At the age of 15, Brooks joined the Denishawn School of Dancing and Related Arts modern dance company in Los Angeles. However, in 1924 she was fired by one of the troupe’s founders Ruth St. Denis, who stated that the reason for the dismal was because Brooks wanted life handed to her on a silver salver. Brooks wasn’t unemployed for long, as she soon found work as a chorus girl in “George White’s Scandals” and then as a semi-nude dancer in Ziegfeld Follies at the Amsterdam Theater on 42nd Street.
It was because of her dancing for the follies that Brooks attracted the attention of two very powerful men in Hollywood. The first was Walter Wanger, a producer at Paramount Pictures, who became so infatuated with her that he signed her to a five-year contract with the studio in 1925. The second man was no other than the Tramp himself, Charlie Chaplin. The two of them met at a cocktail party when he was in town for the premiere of “The Gold Rush”, and their affair lasted 2 months.
Brooks made her way to Hollywood in 1925, and made her first on-screen appearance in the silent crime drama, “The Street of Forgotten Men”. She also featured in several comedies including the 1926 film “It’s the Old Army Game” alongside W.C. Fields. During filming, she started a relationship with the director, A. Edward Sutherland, who she would later go onto marry. Two of the other films from 1926 in which Brooks starred in are now considered to be ‘lost films’ (“A Social Celebrity” and “The American Venus), prints for “A Social Celebrity” apparently existed up until the 1950s but the last known print was destroyed in a fire in 1959.

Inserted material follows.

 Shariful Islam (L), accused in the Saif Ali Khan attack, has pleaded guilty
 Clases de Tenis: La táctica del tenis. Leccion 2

After her small roles in 1925, both Paramount and MGM offered her contracts. However, Wanger did his best to try and persuade her to take the MGM contract to avoid rumours that she only obtained the Paramount contract because of their relationship. Despite his advice, she decided to accept Paramount’s offer. During this time, Brooks gained a cult following in Europe for her role in the 1928 Howard Hawks silent film “A Girl in Every Port”. Her distinctive bob haircut started a trend, with many women styling their own hair in imitation.
“When I went to Hollywood in 1927, the girls were wearing lumpy sweaters and skirts… I was wearing sleek suits and half naked beaded gowns and piles and piles of furs.”
Her next film was the Paramount picture “Beggars of Life” which is regarded as Brooks’ performance in an American film. Brooks played the character of Nancy, a young woman dresses as a man in order to hide from the police after killing her abusive foster father. During her travels, Nancy befriends a drifter called Jim (Richard Arlen), and they ride the rails until an encounter with a group of sex-crazed hobos led by the blustery Oklahoma Red (Wallace Beery) leads to an epic climax on top of a moving train. During filming, Brooks repeatedly clashed with director William Wellman whose approach to directing led to Brooks nearly dying as she performed her own stunts during a scene where she hazardously climbs aboard a moving train.
It wasn’t only Beery who caused issues for Brooks during the filming of “Beggars of Life”, She had a one-night stand with a stuntman wh spread a malicious false rumour on the set that Brooks had contracted syphilis during a previous weekend stay with a producer. Her co-star Richard Arlen was close friends with Brooks’ husband and clashed with her over this matter and he was also rude about her acting ability, regarding her as a poor actress.
After filming “Beggars of Life” Brooks starred in the pre-code murder mystery “The Canary Murder Case”. The film was initially made as a silent picture, then reworked as a sound film. However, Brooks’ refused to cooperate in the sound version (she was now in Germany filming “Pandora’s Box”) and this had a major impact on her career in Hollywood. There was a good reason for Brooks’ decision to leave after filming “The Canary Murder Case”, she had begun a brief relationship with Marion Davies‘ lesbian niece, Pepi Lederer. (Note: Davies was the mistress of famous American businessman and newspaper publisher William Randolph Hurst).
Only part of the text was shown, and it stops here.